She paused again, lost in a mist of incoherent memories, the tears falling slowly.

After a minute's silence, George said—not indeed knowing what to say—"We're very sorry for you, Mary—my wife and I—we wish we could do anything to help you. I am afraid it can't make any difference to you—I expect it makes it all the worse—to think that accidents are so much fewer—that so much has been done. And yet times are mended, aren't they?"

Mary made no answer.

George sat looking at her, conscious, as he seldom was, of raw youth and unreadiness—conscious, too, of Letty's presence in a strange, hindering way—as of something that both blunted emotion and made one rather ashamed to show it.

He could only pursue the lame topic of improvement, of changed times. The disappearance of old abuses, of "butties" and "tommy-shops"; the greater care for life; the accident laws; the inspectors. He found himself growing eloquent at last, yet all the time regarding himself, as it were, from a distance—ironically.
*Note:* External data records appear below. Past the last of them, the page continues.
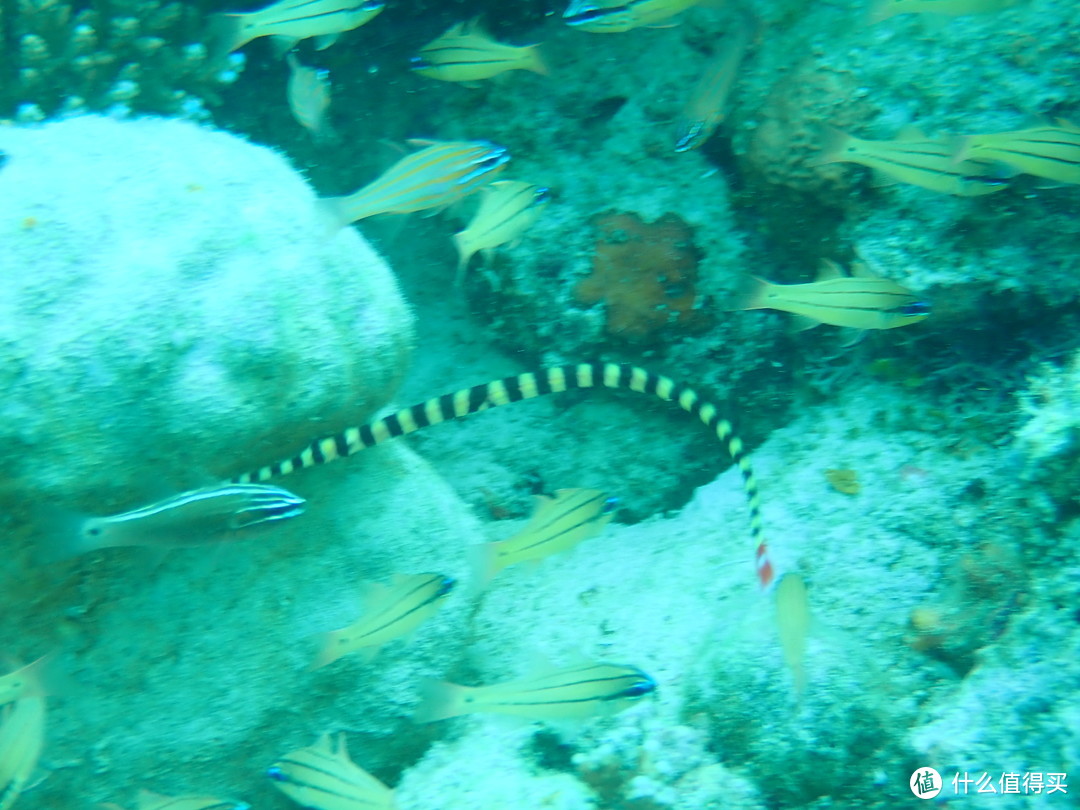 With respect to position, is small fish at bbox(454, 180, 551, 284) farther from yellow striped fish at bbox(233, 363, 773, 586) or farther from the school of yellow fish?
yellow striped fish at bbox(233, 363, 773, 586)

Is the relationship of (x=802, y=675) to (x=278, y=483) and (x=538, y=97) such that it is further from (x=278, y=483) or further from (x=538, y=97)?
(x=538, y=97)

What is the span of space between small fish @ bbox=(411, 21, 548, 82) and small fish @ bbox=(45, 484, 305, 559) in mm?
2219

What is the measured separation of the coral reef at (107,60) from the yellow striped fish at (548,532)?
4026 mm

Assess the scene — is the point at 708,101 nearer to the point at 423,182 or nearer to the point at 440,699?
the point at 423,182

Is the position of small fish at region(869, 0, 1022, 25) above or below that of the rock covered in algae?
above

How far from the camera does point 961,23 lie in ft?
11.0

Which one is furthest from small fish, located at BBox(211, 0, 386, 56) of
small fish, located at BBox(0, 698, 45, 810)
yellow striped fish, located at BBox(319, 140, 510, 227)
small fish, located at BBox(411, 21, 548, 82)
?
small fish, located at BBox(0, 698, 45, 810)

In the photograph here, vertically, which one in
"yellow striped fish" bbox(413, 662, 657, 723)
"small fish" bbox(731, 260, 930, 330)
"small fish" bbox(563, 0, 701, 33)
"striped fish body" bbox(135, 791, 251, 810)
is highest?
"small fish" bbox(563, 0, 701, 33)

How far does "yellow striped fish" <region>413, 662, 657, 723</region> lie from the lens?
2143 millimetres

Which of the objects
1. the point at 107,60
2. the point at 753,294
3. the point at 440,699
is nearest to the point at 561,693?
the point at 440,699

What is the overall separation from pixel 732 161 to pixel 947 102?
49.0 inches

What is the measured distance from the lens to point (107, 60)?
14.5 ft

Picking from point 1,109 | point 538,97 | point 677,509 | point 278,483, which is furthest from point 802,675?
point 1,109

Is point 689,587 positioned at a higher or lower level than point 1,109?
lower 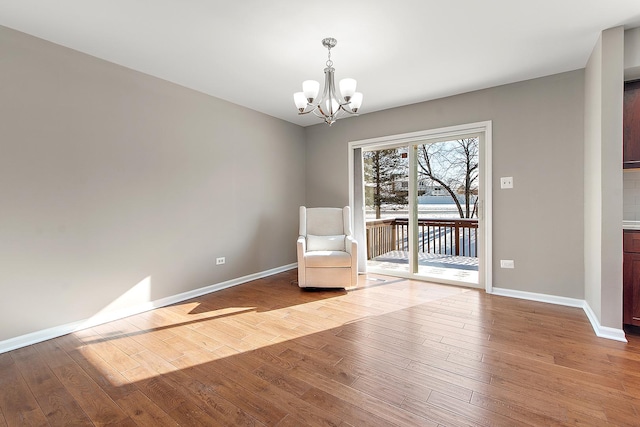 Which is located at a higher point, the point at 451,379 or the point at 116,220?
the point at 116,220

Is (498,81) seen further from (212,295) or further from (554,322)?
(212,295)

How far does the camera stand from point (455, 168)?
411cm

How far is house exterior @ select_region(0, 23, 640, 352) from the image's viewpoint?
Answer: 2.33m

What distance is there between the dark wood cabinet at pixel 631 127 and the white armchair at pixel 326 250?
2.66 m

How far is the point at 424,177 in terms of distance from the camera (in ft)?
14.1

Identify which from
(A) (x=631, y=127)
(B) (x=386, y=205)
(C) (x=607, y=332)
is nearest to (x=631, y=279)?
(C) (x=607, y=332)

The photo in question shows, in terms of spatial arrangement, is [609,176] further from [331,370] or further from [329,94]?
[331,370]

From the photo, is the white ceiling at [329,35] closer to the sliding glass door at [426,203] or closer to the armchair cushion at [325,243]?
the sliding glass door at [426,203]

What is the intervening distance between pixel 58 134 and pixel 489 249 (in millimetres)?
4622

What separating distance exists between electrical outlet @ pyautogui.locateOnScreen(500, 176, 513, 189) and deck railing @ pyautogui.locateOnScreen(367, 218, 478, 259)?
1.15m

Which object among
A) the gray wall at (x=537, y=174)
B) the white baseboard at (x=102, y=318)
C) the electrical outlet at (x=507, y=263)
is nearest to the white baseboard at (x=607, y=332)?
the gray wall at (x=537, y=174)

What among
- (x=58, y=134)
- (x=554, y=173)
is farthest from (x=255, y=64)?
(x=554, y=173)

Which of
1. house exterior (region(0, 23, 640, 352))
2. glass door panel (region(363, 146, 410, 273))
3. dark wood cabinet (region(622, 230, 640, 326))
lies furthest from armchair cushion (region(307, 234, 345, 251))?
dark wood cabinet (region(622, 230, 640, 326))

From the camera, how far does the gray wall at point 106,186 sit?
7.61 feet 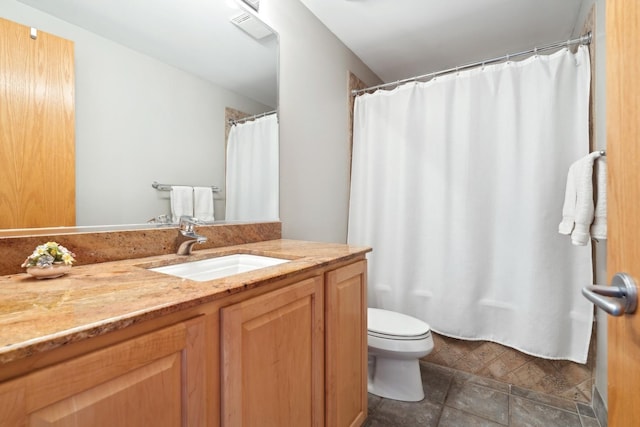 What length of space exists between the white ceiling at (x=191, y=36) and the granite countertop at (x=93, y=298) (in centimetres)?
84

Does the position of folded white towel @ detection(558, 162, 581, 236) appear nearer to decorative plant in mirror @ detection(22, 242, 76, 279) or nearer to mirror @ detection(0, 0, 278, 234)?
mirror @ detection(0, 0, 278, 234)

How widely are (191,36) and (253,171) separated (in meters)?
0.68

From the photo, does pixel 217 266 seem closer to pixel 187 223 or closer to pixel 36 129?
pixel 187 223

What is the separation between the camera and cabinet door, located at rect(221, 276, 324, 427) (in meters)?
0.73

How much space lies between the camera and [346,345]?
4.05ft

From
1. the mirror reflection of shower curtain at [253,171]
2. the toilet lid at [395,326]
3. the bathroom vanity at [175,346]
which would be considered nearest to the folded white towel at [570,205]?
the toilet lid at [395,326]

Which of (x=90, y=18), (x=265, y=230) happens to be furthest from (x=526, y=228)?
(x=90, y=18)

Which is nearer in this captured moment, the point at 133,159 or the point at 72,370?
the point at 72,370

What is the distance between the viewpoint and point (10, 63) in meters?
0.86

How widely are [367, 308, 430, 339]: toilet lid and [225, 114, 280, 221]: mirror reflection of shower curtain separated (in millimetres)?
878

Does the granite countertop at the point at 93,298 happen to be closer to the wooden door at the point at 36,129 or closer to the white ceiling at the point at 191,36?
the wooden door at the point at 36,129

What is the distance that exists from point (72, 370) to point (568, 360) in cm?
227

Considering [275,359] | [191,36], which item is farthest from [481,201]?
[191,36]

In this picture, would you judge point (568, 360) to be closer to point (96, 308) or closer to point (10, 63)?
point (96, 308) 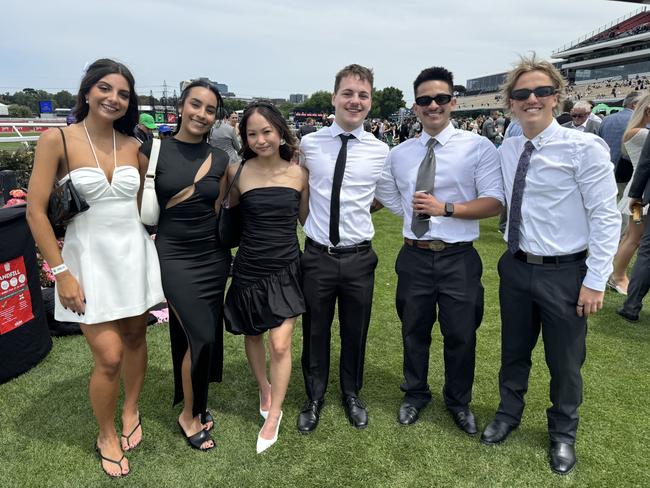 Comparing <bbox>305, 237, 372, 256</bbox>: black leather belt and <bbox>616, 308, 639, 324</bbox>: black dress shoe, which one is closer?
<bbox>305, 237, 372, 256</bbox>: black leather belt

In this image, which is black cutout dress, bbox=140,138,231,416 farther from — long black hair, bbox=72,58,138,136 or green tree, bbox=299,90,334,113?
green tree, bbox=299,90,334,113

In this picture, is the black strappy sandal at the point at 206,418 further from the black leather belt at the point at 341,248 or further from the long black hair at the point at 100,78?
the long black hair at the point at 100,78

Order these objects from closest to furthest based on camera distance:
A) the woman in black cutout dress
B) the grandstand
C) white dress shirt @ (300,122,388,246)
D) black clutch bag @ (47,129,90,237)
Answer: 1. black clutch bag @ (47,129,90,237)
2. the woman in black cutout dress
3. white dress shirt @ (300,122,388,246)
4. the grandstand

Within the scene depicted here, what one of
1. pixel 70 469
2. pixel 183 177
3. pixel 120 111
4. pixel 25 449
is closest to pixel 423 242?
pixel 183 177

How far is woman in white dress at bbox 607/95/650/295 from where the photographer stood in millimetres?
5297

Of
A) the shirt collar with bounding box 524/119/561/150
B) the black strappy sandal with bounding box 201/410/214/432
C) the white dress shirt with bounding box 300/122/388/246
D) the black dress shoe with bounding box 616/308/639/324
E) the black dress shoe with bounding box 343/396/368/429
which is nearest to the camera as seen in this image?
the shirt collar with bounding box 524/119/561/150

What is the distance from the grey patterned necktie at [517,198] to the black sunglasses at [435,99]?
54cm

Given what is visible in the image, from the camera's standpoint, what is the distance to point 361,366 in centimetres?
327

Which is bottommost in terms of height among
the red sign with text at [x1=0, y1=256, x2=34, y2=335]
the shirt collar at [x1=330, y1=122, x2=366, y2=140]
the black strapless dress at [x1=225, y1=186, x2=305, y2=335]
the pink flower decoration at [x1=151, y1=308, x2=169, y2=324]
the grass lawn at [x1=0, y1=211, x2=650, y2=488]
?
the pink flower decoration at [x1=151, y1=308, x2=169, y2=324]

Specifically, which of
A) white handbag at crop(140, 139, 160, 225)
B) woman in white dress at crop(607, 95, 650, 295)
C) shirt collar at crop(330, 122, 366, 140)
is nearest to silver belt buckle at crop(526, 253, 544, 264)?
shirt collar at crop(330, 122, 366, 140)

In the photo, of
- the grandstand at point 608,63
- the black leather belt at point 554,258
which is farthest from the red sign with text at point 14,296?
the grandstand at point 608,63

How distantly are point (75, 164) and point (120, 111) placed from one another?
379 mm

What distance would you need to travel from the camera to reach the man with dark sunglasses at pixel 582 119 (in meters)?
7.79

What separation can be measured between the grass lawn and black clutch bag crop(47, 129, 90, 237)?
4.94ft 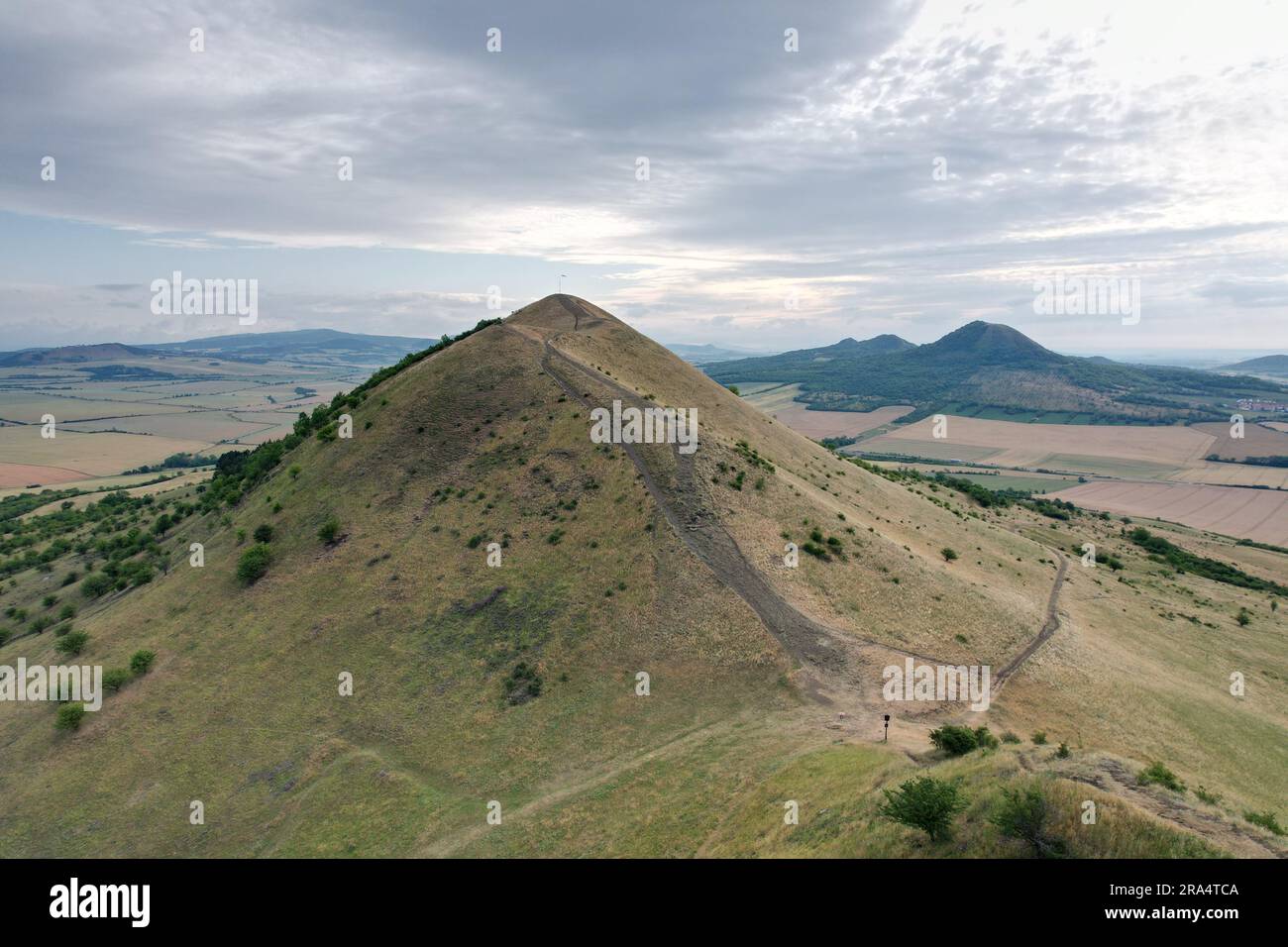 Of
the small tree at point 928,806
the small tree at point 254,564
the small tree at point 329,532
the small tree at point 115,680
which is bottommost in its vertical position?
the small tree at point 115,680

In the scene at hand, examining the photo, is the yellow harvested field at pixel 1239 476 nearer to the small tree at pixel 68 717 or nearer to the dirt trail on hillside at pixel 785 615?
the dirt trail on hillside at pixel 785 615

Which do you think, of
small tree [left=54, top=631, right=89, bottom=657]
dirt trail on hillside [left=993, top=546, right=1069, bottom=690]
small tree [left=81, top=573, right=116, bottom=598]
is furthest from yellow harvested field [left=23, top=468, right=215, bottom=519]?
dirt trail on hillside [left=993, top=546, right=1069, bottom=690]

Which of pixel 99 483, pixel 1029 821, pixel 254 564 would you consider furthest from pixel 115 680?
pixel 99 483

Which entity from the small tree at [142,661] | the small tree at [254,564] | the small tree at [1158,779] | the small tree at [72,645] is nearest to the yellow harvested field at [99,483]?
the small tree at [72,645]

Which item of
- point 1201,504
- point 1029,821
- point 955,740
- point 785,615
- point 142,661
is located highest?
point 785,615

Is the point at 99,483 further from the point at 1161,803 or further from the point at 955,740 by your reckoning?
the point at 1161,803

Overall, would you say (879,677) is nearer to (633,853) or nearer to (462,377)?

Mary Batchelor listened to him for a while, her head bent with something of the submission of the old servant, till something he said roused again the quick shudder, the look of anguished protest.

"Aye, I dessay it's aw reet, Mr. George—I dessay it is—what yer say. The inspectors is very cliver—an the wages is paid proper. But theer—say what yer will! I've a son on the railway out Lichfield way—an he's allus taakin about is long hours—they're killing im, he says—an I allus ses to im, 'Yer may jest thank the Lord, Harry, as yer not in the pits.' He never gets no pity out o me. An soomtimes I wakes in the morning, an I thinks o the men, cropin away in the dark—down theer—under me and my bed—for they do say the pits now runs right under Ferth village—an I think to mysel—how long will it be before yo poor fellers is laying like my Jim? Yer may be reet about the accidents, Mr. George—but I know, ef yer wor to go fro house to house i this village—it would be like tis in the Bible—I've often thowt o them words—'Theer was not a house—no, nary one!—where there was not one dead.'"

She hung her head again, muttering to herself. George made out with difficulty that she was going through one phantom scene after another—of burning, wounds, and sudden death. One or two of the phrases—of the fragmentary details that dropped out without name or place—made his flesh creep. He was afraid lest Letty should hear them, and was just putting out his hand for his hat, when Mrs. Batchelor gripped his arm again. Her face—so white and large-featured—had the gleam of something like a miserable smile upon it.

"Aye, an the men theirsels ud say jest as you do. 'Lor. Mrs. Batchelor,' they'd say, 'why, the pits is as safe as a church'—an they'd laff—Jamie ud laff at me times. But it's the women, Mr. George, as knows—it's the women that ave to wash the bodies."

A great trembling ran through her again. George instinctively rose, and motioned to Letty to go. She too rose, but she did not go. She stood by the door, her wide grey eyes fixed with a kind of fascination on the speaker; while behind her a ring of children could be seen in the street, staring at the pretty lady.